Iron Mountain ski jump

Iron Mountain ski jump

Wednesday, June 21, 2023

HOW LONG THE DAYS [W, 6-21-23]

CHRIST IN WINTER: Reflections on Faith & Life for the Years of Winter—HOW LONG THE DAYS [W, 6-21-23]

 


I never knew my mother’s father, my grandfather, Elmer Pond. He was a coal miner. He was killed in a mine cave-in before I was born. I have a washstand that he built, a simple wooden table he kept outside his backdoor at home. He made it more than a hundred years ago. When he returned from the mine, he would fill a tin basin with water and wash off the coal dust before he entered his house.

My grandfather Pond spent most of his time in darkness. Especially in winter, he went down into the mine before the sun was up, and he came up from the mine after the sun was already down. His only light in the mine was the dim glow of a carbide lamp on the front of his hat.

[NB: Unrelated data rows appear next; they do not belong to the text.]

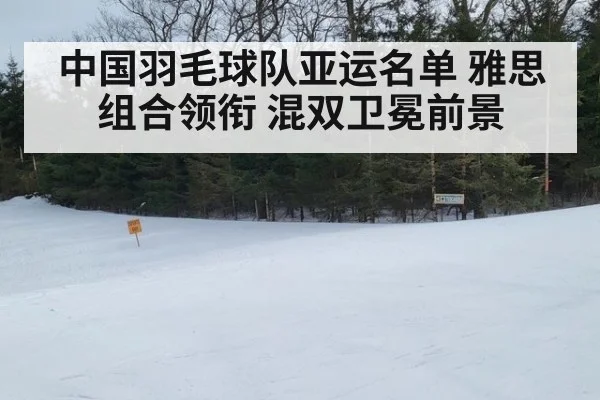 中国羽毛球队亚运名单 雅思组合领衔 混双卫冕前景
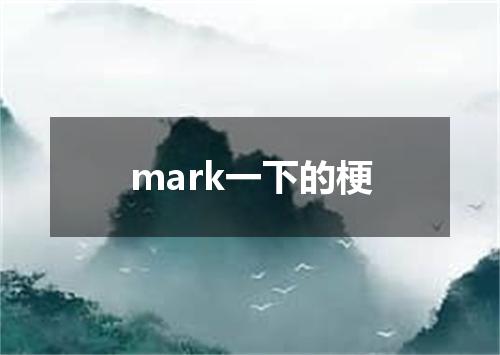 mark一下的梗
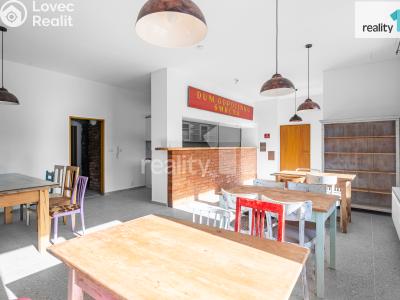 Pronájem bytu 1+1 Světlá nad Sázavou č. 10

I think about him often, even though I never knew him, perhaps because I never knew him. I wonder if he got to see sunlight in summer, since the days were long. Like right now, as we hit the summer solstice.

We say that the days are long in summer and short in winter, but every day still has twenty-four hours. Only the day when we are born, and the day when we die, only those days are any shorter than the others.

It is not the day but the light that is long in summer and short in winter, “in short supply.”

It is true, though, that in a more profound way, we measure the days by light. More light, more day. Less light, less day. If there is less light, we have less time. “Work, for the night is coming, when no one can work.” [Jesus of Nazareth, recorded in John 9:4.]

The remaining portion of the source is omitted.